When I think back to 2011, and if you were in Japan in 2011, you will remember this I’m absolutely certain. 20,000 people lost their lives in the tsunami and earthquake, followed by many more in relation to the aftermath of the Fukushima nuclear meltdown. This all happened less than 50 km from my home in Iwaki City Japan. I lived with extreme levels of fear and uncertainty for a long time after the rest of the world’s attention moved on from Fukushima. Fukushima Dai Ichi is still news in Fukushima on a nightly basis. Mostly the news is that there is nothing new to report, unless there has been an accident or snaffu on site or someone is protesting something that is happening. So the fear and uncertainty levels were a 10 out of 10 on the scale in March and April 2011, 4 years later they were probably a 5. Today a 2. If anything I learnt that you can go from feeling like you could die at any moment (there was a real fear at the time that the end of the world was near) to “a new normal”. The disaster at FD2 is not “fixed” or “over”, we just learned to live with it the best and hopefully safest way we can. I feel like this is kind of similar with Covid. As we find out more about this virus and create ways to live with it, we start to get used to this too. For now, just to trust even a tiny bit that we will come out the other side in some way - it won’t be the same, just at the radiation monitoring posts in Fukushima will be there for some time yet, but we will get on with our lives again.

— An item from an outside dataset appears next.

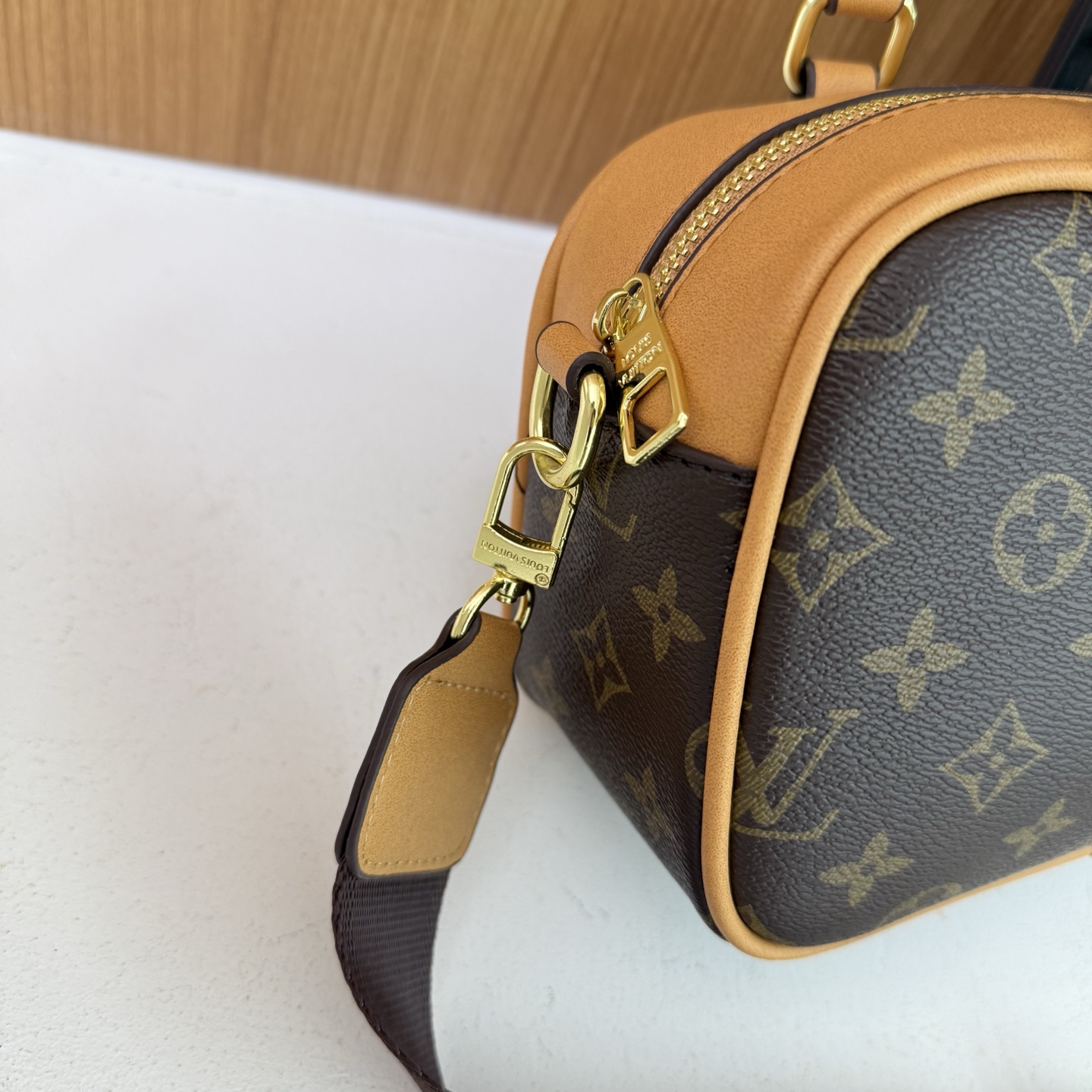 New lady fashion single shoulder bag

Now here are my top tips for practical doing type things that will help you with this uncertainty.

  1. Watch your media intake: How much time are you spending reading or watching news that is specifically designed to increase anxiety and dependency on watching even more news. Have you considered that what is being told is only a fraction of the story, potentially with many errors. I experienced this first hand when newspaper reporters took me completely out of context during the Fukushima meltdown drama turning my comments into a hysteria inducing headline. Now I trust no media, and limit myself to only reading it when absolutely essential which is almost never. I also have someone I trust who tells me if there are things I need to read up on that actually matter to me.

  2. Caffeine: Now I know nobody wants to hear this, but when you are already in a state of fear or anxiety due to uncertainty, loading caffeine on top can make things even worse. I really notice that my usual cup of coffee makes me extra jittery when I’m already a bit stressed about something. So noticing if you feel a little more calm when you haven’t had as much caffeine as usual is a great idea. You will possibly also notice that you don’t need as much alcohol in the evening to wind yourself from being so jacked up on caffeine.

  3. Walk it off: We can process some of those emotions by walking or running. The repetitive pounding motion is incredibly relaxing as well as getting those good hormones going. Think of it as a mood boost rather than focusing on losing weight or getting healthy. The short term “mood boost” checks that box instantly which is also super satisfying for us, releasing more good hormones.

  4. Know that we can get better at this and that things will get better too: Just like other things we practice, you can get better at living with uncertainty and managing anxiety. If you are someone who suffers from severe anxiety, please get professional help. If you are someone who has noticed that your anxiety is higher but you are still functioning well enough, then this is for you.